In sqlalchemy, how can I combine two queries by having a column entry identical?

Question

Suppose I have a mapped class User , mapped to a tables of the same name, and a column "age" for his age. I'm now interested in the following problem:

In the course of my application, there emerge two queries:

q1 = session.query(User).filter(lots of conditions)
q2 = session.query(User).filter(lots of other conditions)

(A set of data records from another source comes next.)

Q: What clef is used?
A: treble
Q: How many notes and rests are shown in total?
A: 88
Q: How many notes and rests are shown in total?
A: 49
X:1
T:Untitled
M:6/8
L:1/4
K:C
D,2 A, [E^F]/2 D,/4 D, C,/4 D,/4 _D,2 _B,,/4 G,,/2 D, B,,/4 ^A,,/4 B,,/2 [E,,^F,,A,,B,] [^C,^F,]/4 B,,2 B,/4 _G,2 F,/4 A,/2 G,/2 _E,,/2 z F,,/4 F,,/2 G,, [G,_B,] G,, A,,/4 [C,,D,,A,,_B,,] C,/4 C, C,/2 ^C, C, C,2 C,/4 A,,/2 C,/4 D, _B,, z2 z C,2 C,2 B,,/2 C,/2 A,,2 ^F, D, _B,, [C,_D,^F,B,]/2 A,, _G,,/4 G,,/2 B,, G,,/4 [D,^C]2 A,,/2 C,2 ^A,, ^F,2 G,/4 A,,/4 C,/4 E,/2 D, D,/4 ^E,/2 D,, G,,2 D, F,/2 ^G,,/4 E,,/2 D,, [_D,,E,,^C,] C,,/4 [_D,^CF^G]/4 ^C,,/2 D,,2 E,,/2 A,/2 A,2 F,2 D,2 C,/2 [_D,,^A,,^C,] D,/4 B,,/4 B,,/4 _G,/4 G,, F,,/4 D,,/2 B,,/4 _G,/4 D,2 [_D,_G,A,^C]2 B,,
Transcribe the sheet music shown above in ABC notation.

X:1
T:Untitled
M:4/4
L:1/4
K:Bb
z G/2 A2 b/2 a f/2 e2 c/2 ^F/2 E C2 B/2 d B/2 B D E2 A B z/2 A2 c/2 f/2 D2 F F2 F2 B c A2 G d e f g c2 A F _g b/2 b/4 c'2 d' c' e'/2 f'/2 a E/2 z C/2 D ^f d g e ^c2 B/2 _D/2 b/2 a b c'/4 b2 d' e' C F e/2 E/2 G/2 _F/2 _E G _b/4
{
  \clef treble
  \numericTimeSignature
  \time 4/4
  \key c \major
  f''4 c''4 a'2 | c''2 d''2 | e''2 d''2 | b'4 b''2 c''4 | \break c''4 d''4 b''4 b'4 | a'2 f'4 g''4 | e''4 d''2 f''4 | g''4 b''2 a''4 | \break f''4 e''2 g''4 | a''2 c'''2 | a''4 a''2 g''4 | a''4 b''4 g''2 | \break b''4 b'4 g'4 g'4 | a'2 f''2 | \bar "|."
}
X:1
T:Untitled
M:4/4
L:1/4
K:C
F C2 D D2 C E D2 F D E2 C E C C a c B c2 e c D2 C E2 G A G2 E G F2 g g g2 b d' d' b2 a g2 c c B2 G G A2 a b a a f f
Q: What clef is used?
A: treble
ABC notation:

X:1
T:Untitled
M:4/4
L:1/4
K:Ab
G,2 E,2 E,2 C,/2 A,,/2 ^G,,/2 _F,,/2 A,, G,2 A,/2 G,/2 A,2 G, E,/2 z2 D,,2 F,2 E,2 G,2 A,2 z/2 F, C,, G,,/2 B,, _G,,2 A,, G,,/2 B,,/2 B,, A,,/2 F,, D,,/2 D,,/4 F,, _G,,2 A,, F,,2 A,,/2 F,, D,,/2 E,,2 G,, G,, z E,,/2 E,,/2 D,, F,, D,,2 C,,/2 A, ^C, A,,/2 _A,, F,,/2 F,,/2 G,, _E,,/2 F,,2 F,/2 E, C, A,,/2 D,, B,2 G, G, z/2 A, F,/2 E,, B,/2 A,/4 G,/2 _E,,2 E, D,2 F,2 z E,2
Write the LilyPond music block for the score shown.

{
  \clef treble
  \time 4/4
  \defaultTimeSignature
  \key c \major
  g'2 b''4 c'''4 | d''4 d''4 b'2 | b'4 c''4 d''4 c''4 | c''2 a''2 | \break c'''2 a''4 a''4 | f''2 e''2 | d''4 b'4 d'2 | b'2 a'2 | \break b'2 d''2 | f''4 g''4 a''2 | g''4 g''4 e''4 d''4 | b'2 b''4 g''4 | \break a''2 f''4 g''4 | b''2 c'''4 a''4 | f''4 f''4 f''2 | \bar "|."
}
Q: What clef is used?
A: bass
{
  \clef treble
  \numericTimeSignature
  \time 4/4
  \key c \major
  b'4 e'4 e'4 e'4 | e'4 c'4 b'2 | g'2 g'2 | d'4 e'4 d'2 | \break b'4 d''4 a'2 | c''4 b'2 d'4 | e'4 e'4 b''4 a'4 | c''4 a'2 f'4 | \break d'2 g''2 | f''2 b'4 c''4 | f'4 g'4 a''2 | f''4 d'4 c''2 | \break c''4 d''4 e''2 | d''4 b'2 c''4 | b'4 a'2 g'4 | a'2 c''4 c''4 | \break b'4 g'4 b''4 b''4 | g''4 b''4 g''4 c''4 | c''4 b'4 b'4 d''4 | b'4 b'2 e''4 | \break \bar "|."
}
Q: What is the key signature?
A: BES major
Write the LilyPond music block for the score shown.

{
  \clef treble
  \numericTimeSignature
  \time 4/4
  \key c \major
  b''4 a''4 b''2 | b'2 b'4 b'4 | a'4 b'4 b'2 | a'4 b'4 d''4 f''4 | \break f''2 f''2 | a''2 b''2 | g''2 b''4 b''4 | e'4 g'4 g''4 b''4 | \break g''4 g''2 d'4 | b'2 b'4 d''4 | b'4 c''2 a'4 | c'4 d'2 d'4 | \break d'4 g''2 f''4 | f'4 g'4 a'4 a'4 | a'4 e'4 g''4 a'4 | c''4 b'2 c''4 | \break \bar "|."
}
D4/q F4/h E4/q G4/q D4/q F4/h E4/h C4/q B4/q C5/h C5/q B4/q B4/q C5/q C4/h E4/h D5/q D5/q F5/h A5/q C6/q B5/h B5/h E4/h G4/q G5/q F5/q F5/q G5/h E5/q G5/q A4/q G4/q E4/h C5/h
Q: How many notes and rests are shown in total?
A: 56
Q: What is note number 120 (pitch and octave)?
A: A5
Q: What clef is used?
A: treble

I now want to "join" q2 onto q1 upon the condition that they have the same age. But I have no idea of how this might work. I tried the following without success:

q1.join(q2.subquery(), q1.age==q2.age) # the query doesn't hold the columns of the queried class
q1.join(Age).join(q2.subquery()) # Works only if age is a relationship with mapped class Age

My closest calls were something like this:

a1 = aliased(User)
a2 = aliased(User)
q1 = session.query(a1)
q2 = session.query(a2)
s = q2.subquery()
q1.join(s, a1.age==a2.age).all()
>>> sqlalchemy.exc.OperationalError: (OperationalError) no such column: user_2.age 'SELECT user_1.id AS user_1_id, user_1.name AS user_1_name, user_1.age AS user_1_age \nFROM user AS user_1 JOIN (SELECT user_2.id AS id, user_2.name AS name, user_2.age AS age \nFROM user AS user_2) AS anon_1 ON user_1.age = user_2.age' ()

Any ideas about how to make this run?

Answer 1

After fiddling around and reading answers to questions about subqueries, I managed to find a solution. Instead of the last, offending line, put:

q1.join(s, a1.age==s.columns.age).all()

That way, the on-clause becomes ON user_1.age = anon_1.age , which is what we want.